Since October, multiple women have stepped forward to say that "America's Dad," as Cosby was once known, had either drugged them, raped them or both. On Thursday, the same day Buress joked that he was in New Orleans to hide out from Cosby, Vanity Fair published a first-person account by model Beverly Johnson who says Cosby slipped a drug into a coffee drink he gave her.
It wasn't so surprising that Buress mentioned Cosby in his routine. Given what has happened since October, the audience might have expected that.
But it's doubtful that the audience was expecting Chappelle, while talking about theJuly choking death of Eric Garner on Staten Island, to reveal that he, too, has been choked by a police officer.
In New Orleans no less.
Chappelle said he was working on his "first movie" here in New Orleans. He was playing a mugger, he said. He was dressed for the part. The movie set was surrounded with police tape. He ducked under it. Then a police officer set upon him and immediately started choking him.
According to the Internet Movie Database, Dave Chappelle played a mugger in the 1993 movie "Undercover Blues," part of which was filmed in New Orleans. The movie was shot in the summer of 1992. Filming ended the same month Chappelle celebrated his 19th birthday.
One of the women working on the set saw what was happening to the actor and yelled to the police officer that he belonged on the set. After relaxing his hold on Chappelle's neck the police officer said, according to the comedian, "Well why didn't he say something?"

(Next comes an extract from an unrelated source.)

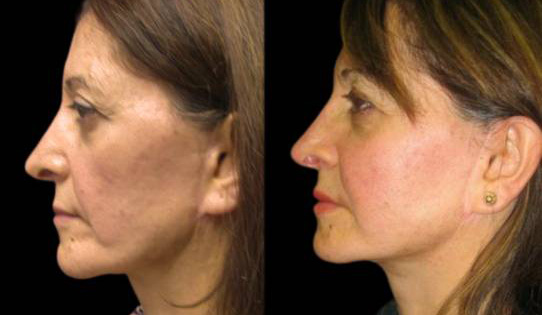 Bitar Cosmetic Surgery Institute & Medspa provider photo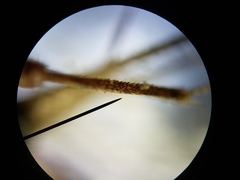 Cycloptilum kelainopum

The weirdest thing about being a black man being choked by the police, Chappelle said, is that you don't even wonder why it's happening. You just think, he said, "OK, here we go."*
*(Please note: Chappelle had strict rules that nobody in the Saenger audience was to pull out a mobile phone for any reason: pictures, texting, Facebook, etc. So I've recounted what he said from memory. I didn't take notes. A colleague who was also at the show is certain that Chappelle said, "OK, here we go" when he was being choked and not "OK, here it is" as I originally said. Whichever it is, Chappelle made it clear that when he was being choked, he was not surprised but was, instead, resigned to the fact that he was being choked.)